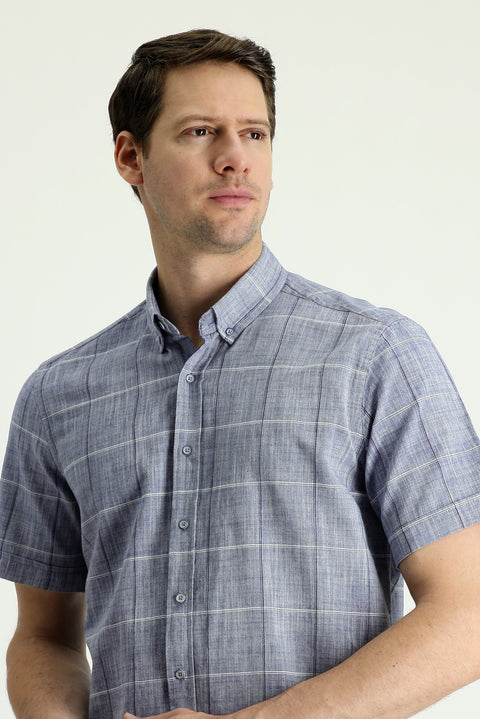 Koyu Mavi  Kısa Kol Regular Fit Ekose Keten Karışımlı Gömlek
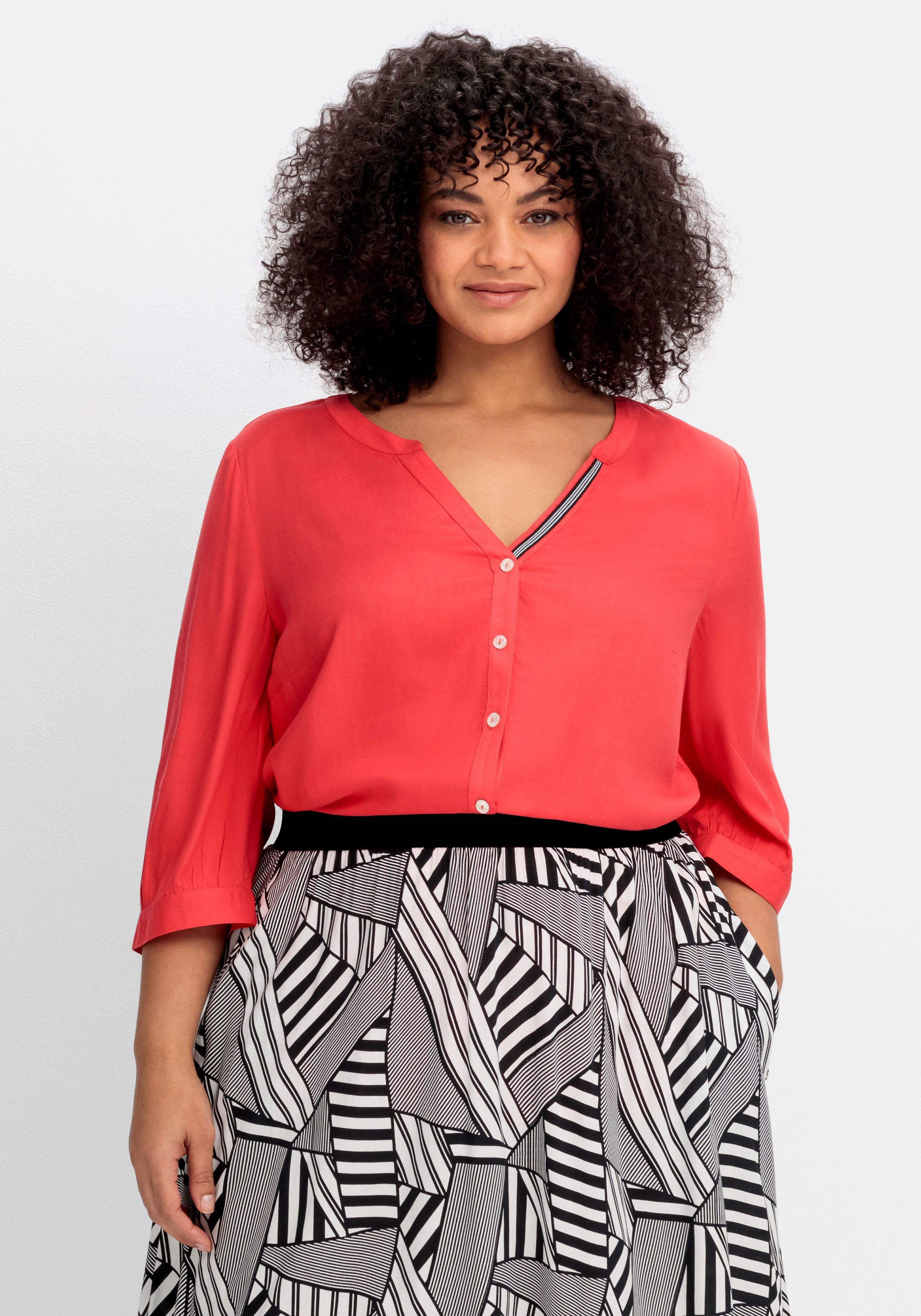 sheego Bluse mit Ziertape am V-Ausschnitt - rot sheego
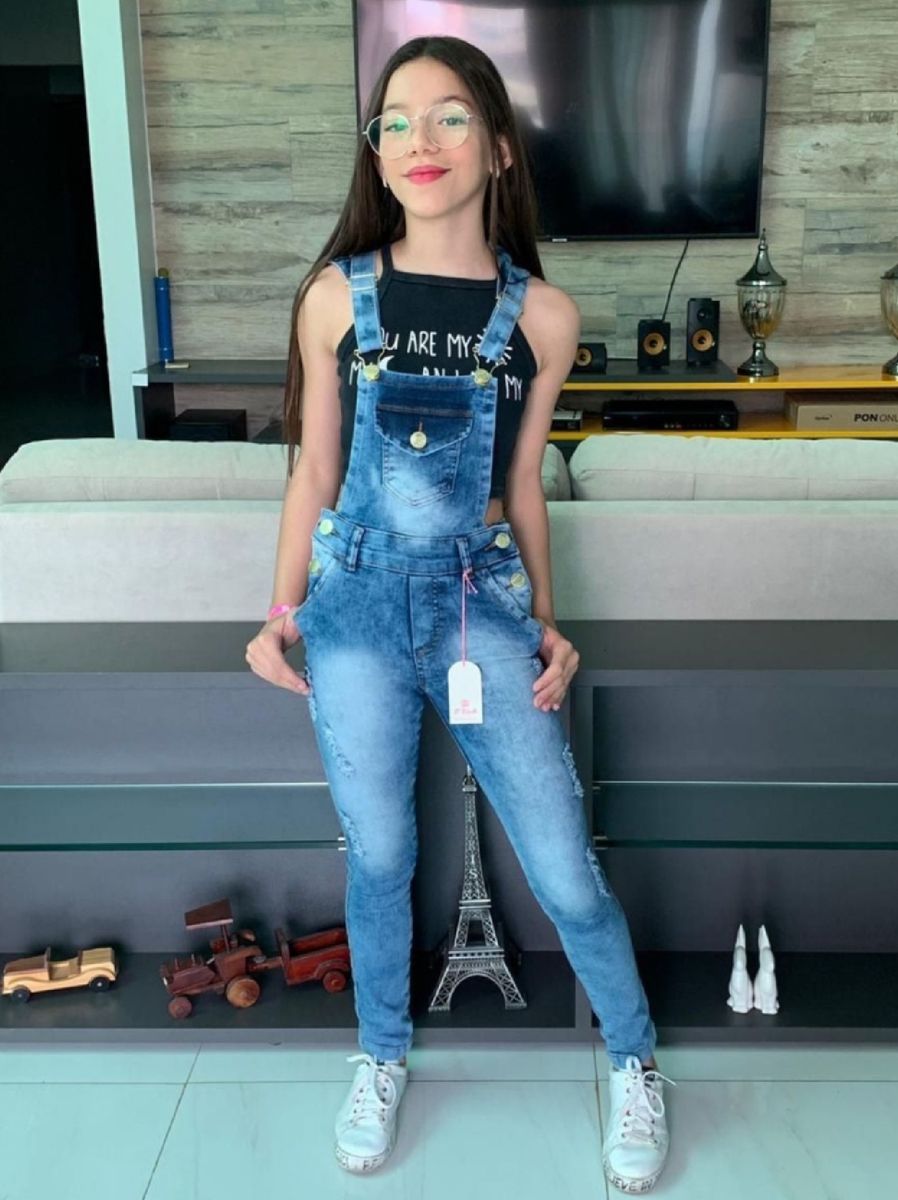 macacao jeans infantil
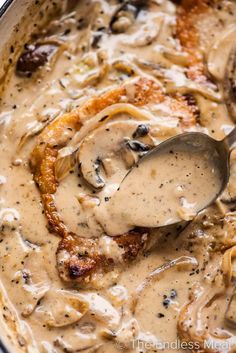 a ladle scooping some food out of a pot filled with mushroom gravy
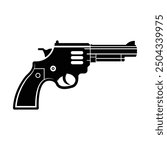 silhouette guns icon vector, black gun silhouette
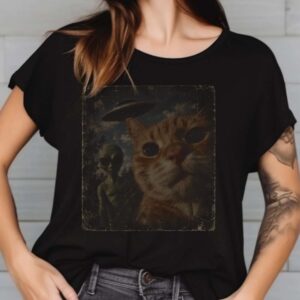 Funny Alien Cat UFO Selfie Vintage Paranormal T-Shirt 6 Funny Alien Cat UFO Selfie Vintage Paranormal Shirt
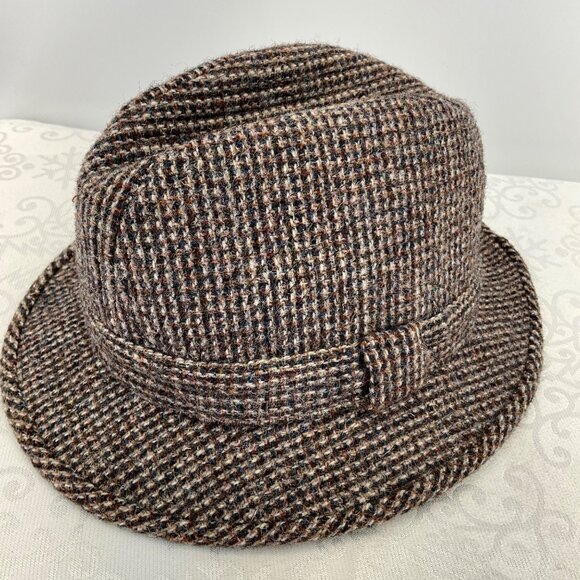 Harris Tweed Brown Tweed Fedora100% Wool 7 1/8 Made in Scotland - Picture 4 of 7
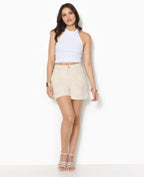 Short taille haute avec pinces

━━━━━━

§ **REQUIREMENT**
Every line above should be copied exactly, apart from any pictures.

§ **TASK SOLUTION**
 Koyu Mavi  Kısa Kol Regular Fit Ekose Keten Karışımlı Gömlek
 sheego Bluse mit Ziertape am V-Ausschnitt - rot sheego
 macacao jeans infantil
 a ladle scooping some food out of a pot filled with mushroom gravy
 silhouette guns icon vector, black gun silhouette
 Funny Alien Cat UFO Selfie Vintage Paranormal T-Shirt 6 Funny Alien Cat UFO Selfie Vintage Paranormal Shirt
 Harris Tweed Brown Tweed Fedora100% Wool 7 1/8 Made in Scotland - Picture 4 of 7
 Short taille haute avec pinces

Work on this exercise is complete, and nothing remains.